How to

How to use jerkbaits for flathead


CATCHING flathead on hard body lures is nothing new. In fact, Fishing World magazine has documented how to use hard body lures for flathead in-depth over many years. However, everything old is new again, and today’s ultra-realistic suspending hard body jerkbaits are very effective flathead lures.

Trolling hard body lures is one of the “go to” methods for many anglers fishing the competitive Flathead Classic on the Gold Coast every year. It’s a great way to cover ground fast, and produces results. Popular trolling hard body lures like the Lively Lures Micro Mullet, Zerek Tango Shad and Rapala Jack Deep catch plenty of fish requiring little more than a slow troll. However, suspending jerkbaits are designed to be cast and retrieved with a “jerking” action. Jerkbaits are typically long and relatively slender, coming in a range of swimming depths from just below the surface to 3m+.


Best fished with a “twitch and pause” technique, jerkbaits, will dart erratically and sit level at their advertised depth – which is usually very accurate. In my experience, flathead will very rarely turn their nose up at a suspending jerkbait holding off the bottom. The hook-up rate with this technique is excellent; flatties like to crunch these lures side on when paused, and with a firm strike, sharp trebles will do the rest.

Suspending jerkbaits are very effective for flatties in 1-2.5m of water. They are best fished on flats, over weedbeds and along the gradual sloping edge of a bank. The advantages of using a jerkbait over a soft plastic or other lures, is the ability to fish the lure slowly with plenty of action over broken sand/mud bottom (scattered rocks, oysters, mangroves, weed beds etc), which is quite often where flathead like to sit and ambush prey.

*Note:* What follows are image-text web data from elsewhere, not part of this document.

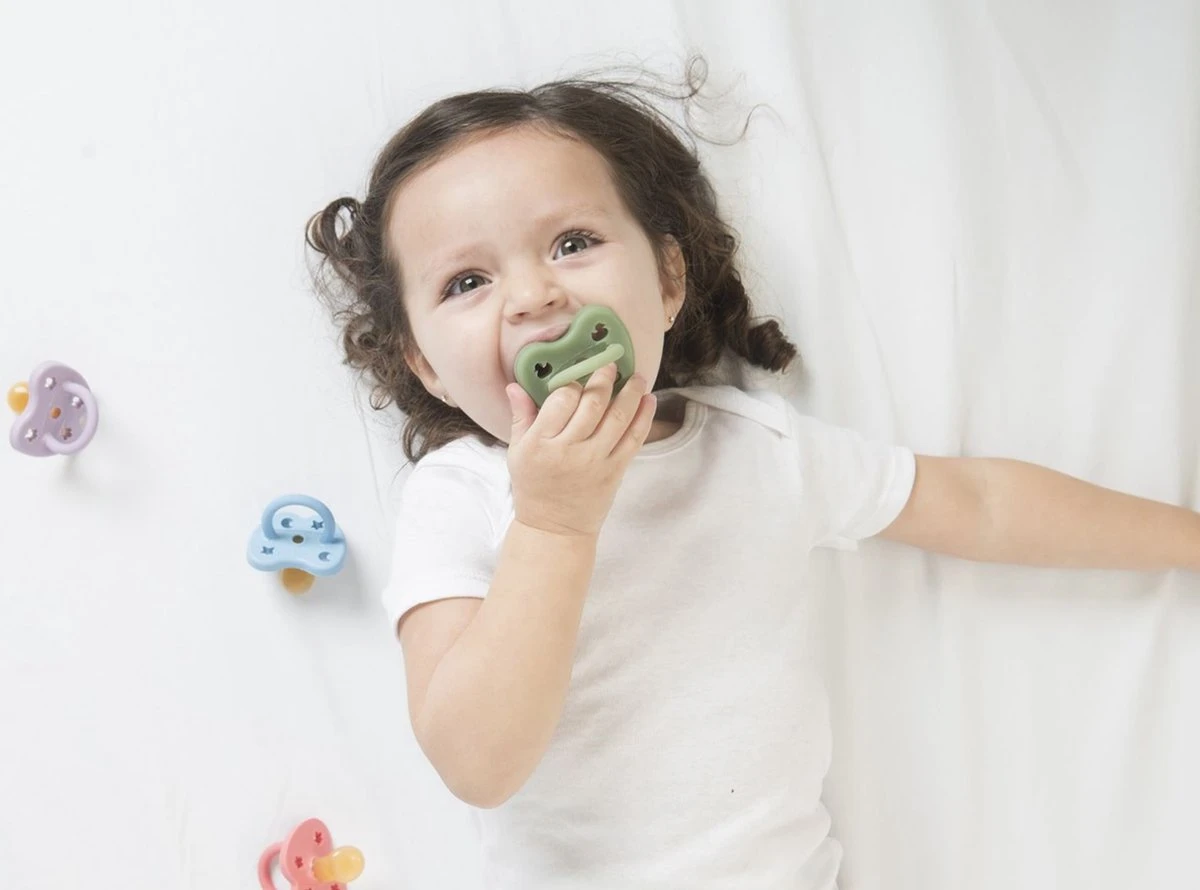 HEVEA Dental Speen 2 Stuks | 3-36 Maanden Orthodontisch | Gorgeous Grey + Nordic Sea Green 5 HEVEA Dental Speen 2 Stuks | 3-36 Maanden Orthodontisch | Gorgeous Grey + Nordic Sea Green - Afbeelding 3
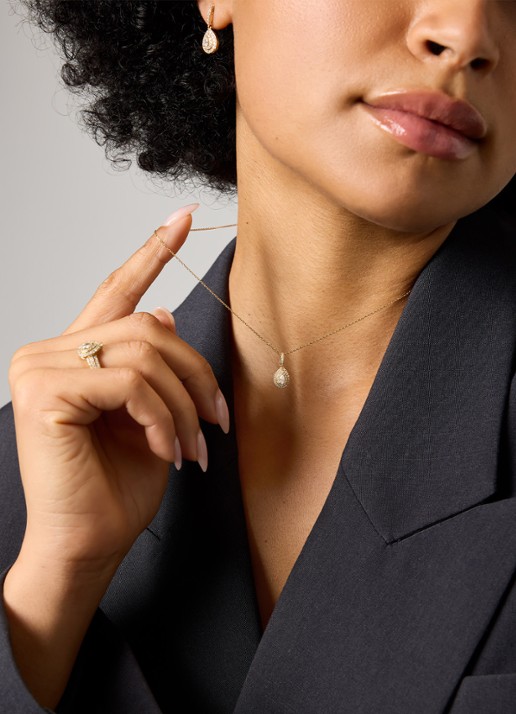 Diamond Point Geelgouden collier, 0.22 ct diamant, Petite Romance - voorkant 2 geelgoud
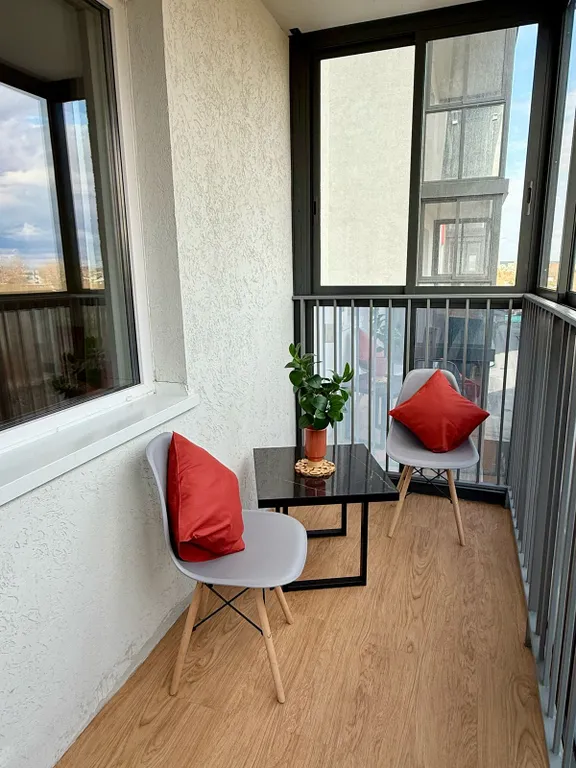 Студия УНИК АПАРТ на Космической рядом со школой МЧС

There are many effective jerkbaits on the market thanks to their popularity for local species like mangrove jack and barramundi and overseas species such as seabass and largemouth bass. Jerkbaits from 70mm – 120mm are usually the most effective for flatties. Two very effective deep diving jerkbaits are the Daiwa Double Clutch and Bassday Sugar Minnow Deep. Two very effective shallow/medium diving jerkbaits are the Rapala Rip Stop and Smith Cherry Blood MD range.

As mentioned, working a jerkbait with a twitch and pause technique is very effective; two flicks of the rod tip while winding up the slack line, followed by a 2-4 second pause is all that’s required. The take is usually quite visual and you can often watch the flattie rise and strike in clear water, but in dirtier water you’ll need to pay close attention to watching the bite through your line. The diving depth of a jerkbait can also be manipulated with the rod position; twitching with the rod tip down will make the lure dive deeper and twitching with the rod tip high will keep the lure swimming slightly higher.


A light 2-4kg graphite rod around 7 feet in length coupled with a 2500 sized spin reel is fine for working smaller jerkbaits. However, a light baitcaster with a fast actioned 3-5kg 6’8”+ rod, similar to that which is used for impoundment bass will also work well. A rod length of 6kg fluorocarbon leader should be the starting point for smaller lures and clear water, with 10kg fluoro leader being optimal if big flatties are around.

As mentioned, catching flathead on hard body lures is by no means groundbreaking. But with today’s ultra realistic suspending jerkbaits, the technique is as effective as ever!